In order to achieve this, three crucial steps must be considered and undertaken. These are identifying the source of the data, the processing steps, and the destination of the processed data.
For the integrated ticketing system, data will be sourced from IoT device sensors located at train stations, in buses, and at bicycle sharing stations, the Customer Relationship Management (CRM) system that processes ticket purchases, and the Enterprise Resource Management system which manages the fleet, accounting, and supply chain for Transport for Wales.
The processing stage is where data cleansing will occur. This involves error detection and repairing of detected errors. During this stage, we propose the use of data-cleaning pipelines, which use automated data-cleaning libraries (Krishan & Wu, 2019). Another alternative method would be to generate small random samples of data and explore the statistical properties, and set cleaning rules. Salloum (2019) describes Random Sample Partitions (RSP) which is a distributed data model used to represent a large dataset through ready-to-use sample data blocks. Using this method, we can identify potential types of value errors, understand the data and retrieve samples of clean data.
For this logical database design KTK proposes using both a data warehouse and a data lake to store data. The data warehouse will house historic data that are summarized. The data lake will store all the unstructured data such as data from the IoT sensors, files or even video footage captured at bus and train stations for example.

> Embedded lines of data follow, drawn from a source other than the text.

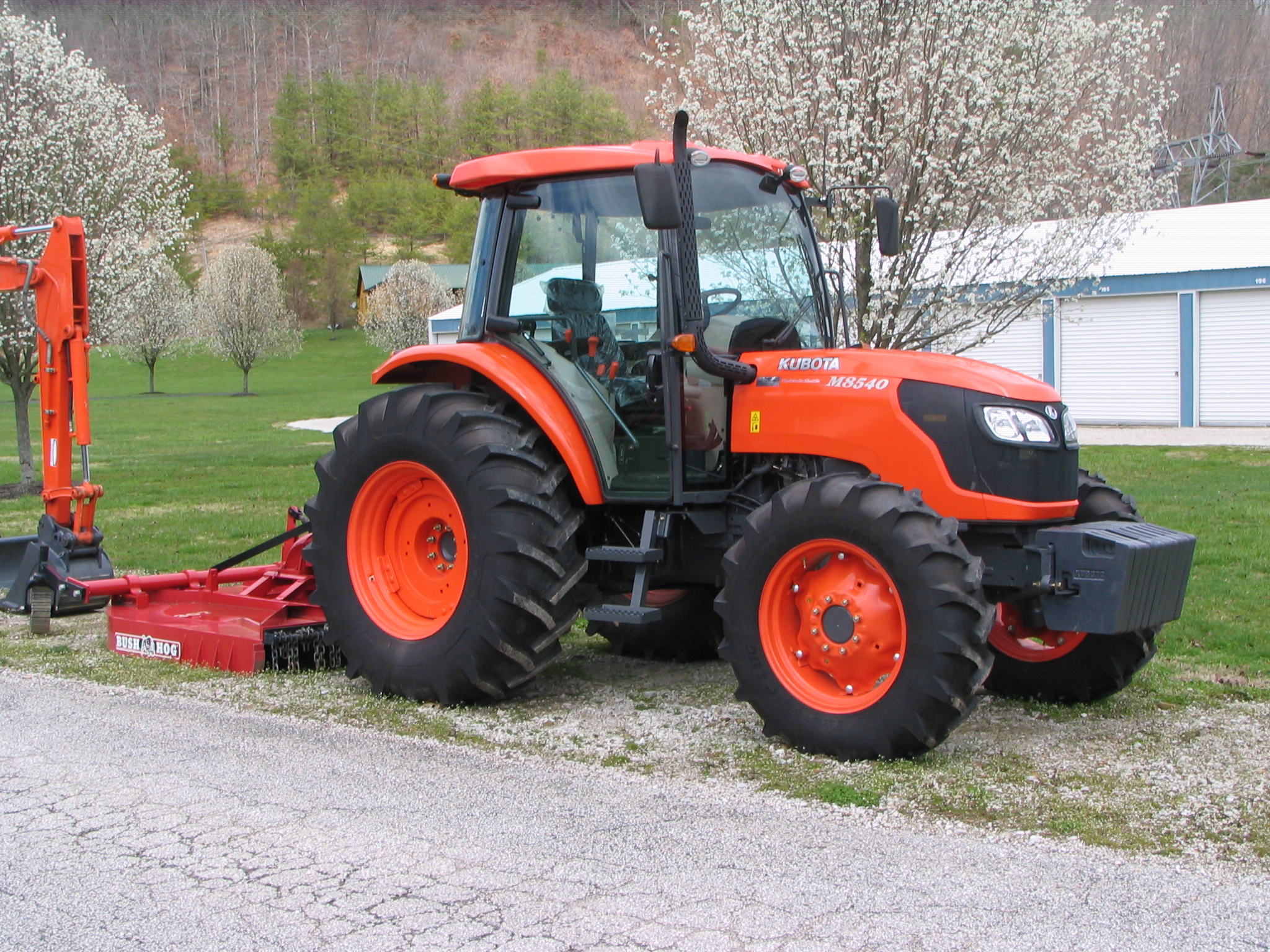 kubota m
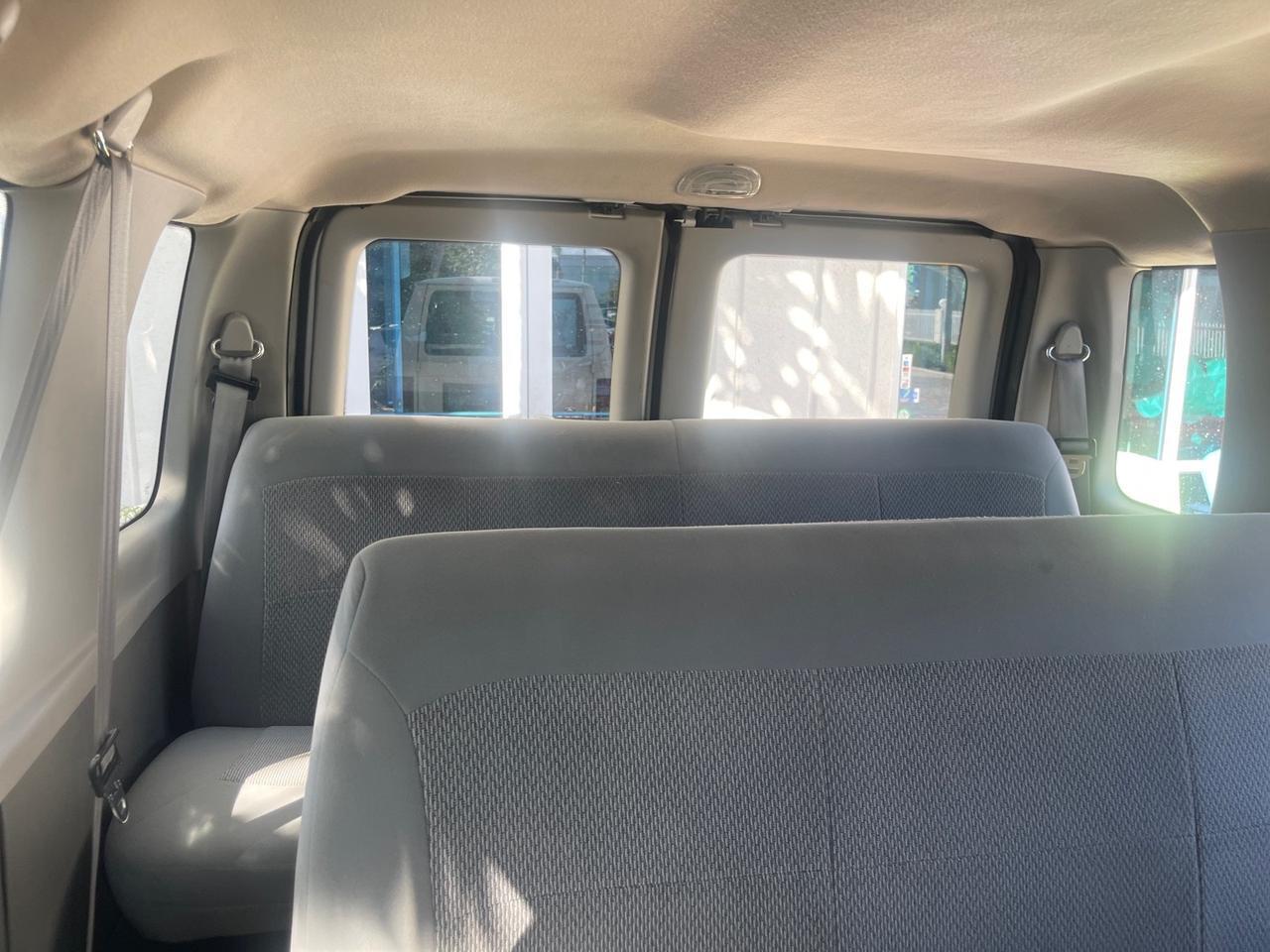 2006 Ford Econoline Wagon XLT LOW MILES 76,470 E350 15 PASS Pompano Beach FL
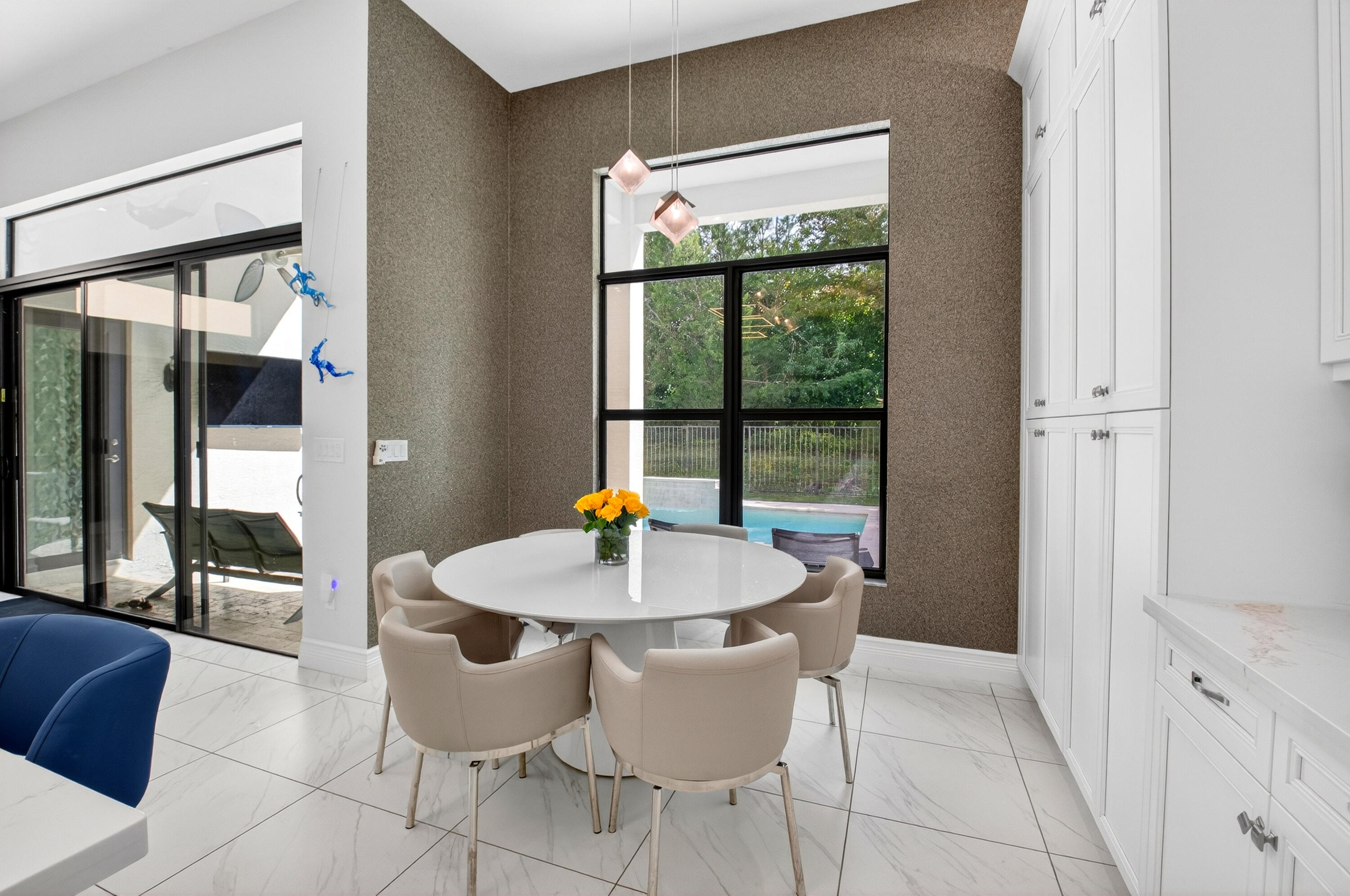 Seven Bridges - Residential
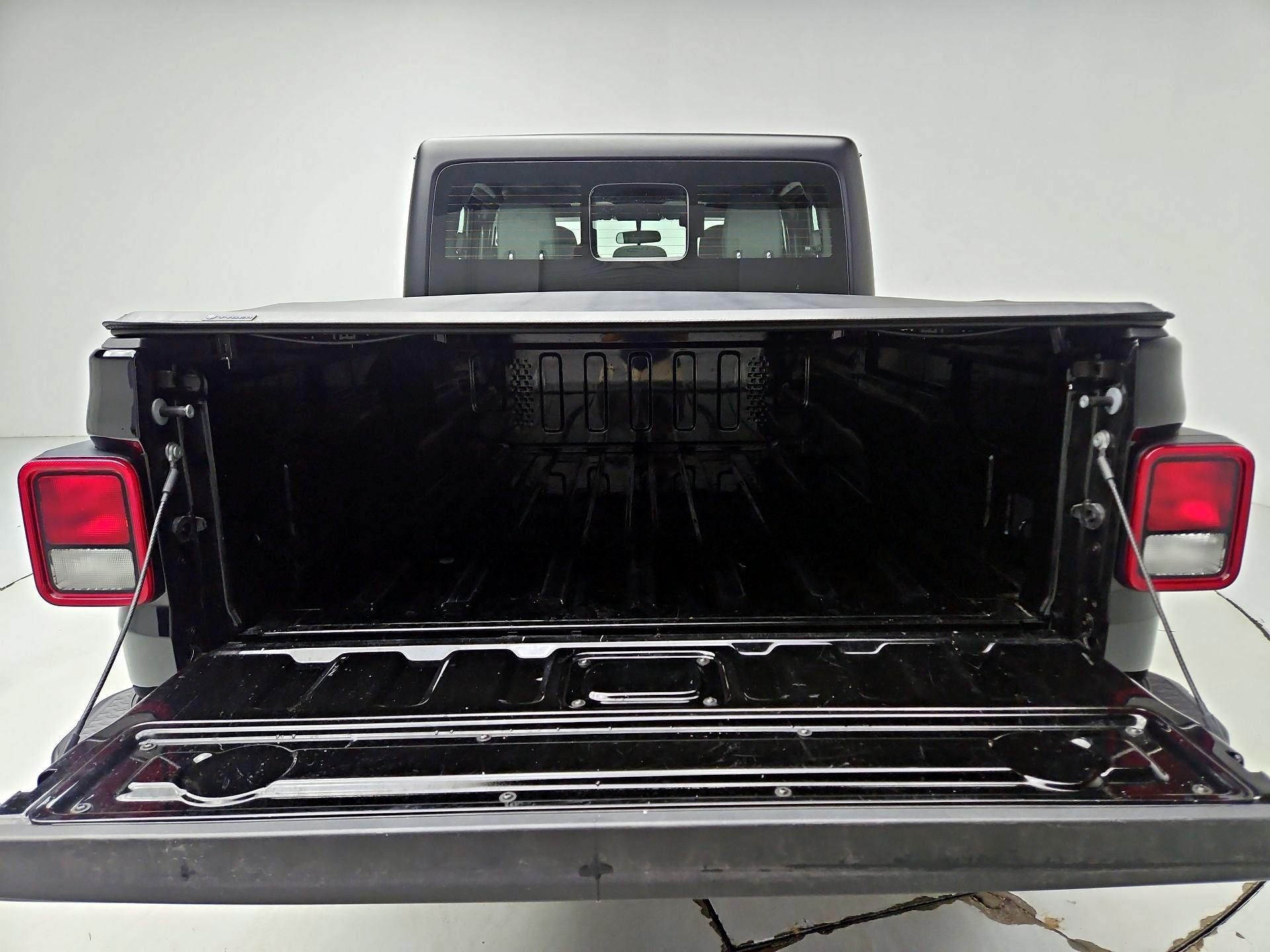 Thumbnail: 2024 Jeep Gladiator - 20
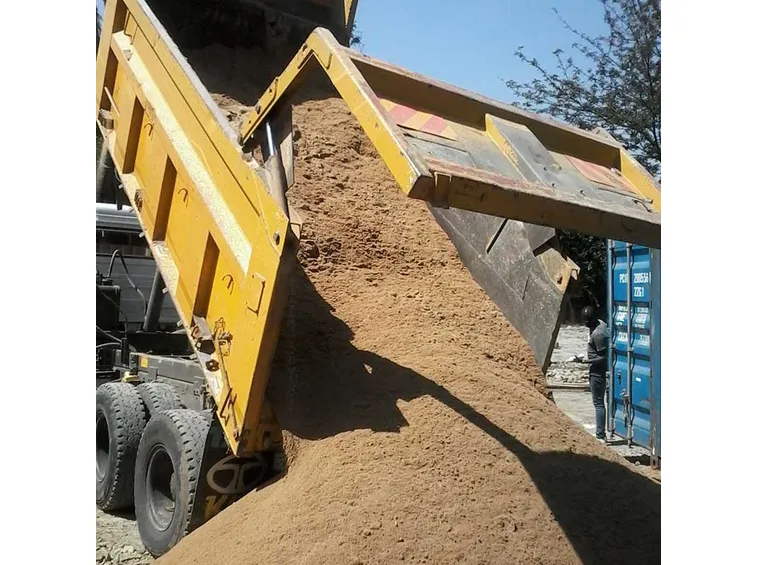 Camion che scarica della sabbia di fiume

A data lake will allow TFW to store large amounts of data which can be used in machine learning and artificial intelligence at a later stage.
The Entity Relationship Diagram (ERD) following below is already adapted to conform with the database design normal forms, up to BCNF (Date, 2019).
For a table to be in the 1st normal form, every value should be atomic, each record needs to be unique, values should be of the same domain and all the columns per each table should have unique names.
For a table to be in the 2nd normal form it should be already in 1st normal form and also have no partial dependency.
In order for a database to be in the 3rd normal form it should be in the 2nd normal form and also have no transitive dependencies. Transitive dependencies are found when a ‘non prime attribute depends on other non-prime attributes rather than the prime attributes or prime key’ (StudyTonight, no date) - if the prime key is composite. All the tables therefore are in the 3rd normal form.
In order for a database to be in Boyce-Codd Normal Form (BCNF) it needs to be in third normal form and also for any dependency x to y, the x cannot be a non prime attribute if y is a prime attribute (StudyTonight, no date).
The needs of Transport for Wales are dynamic and as such the single logical database design aims to incorporate this in the proposed design.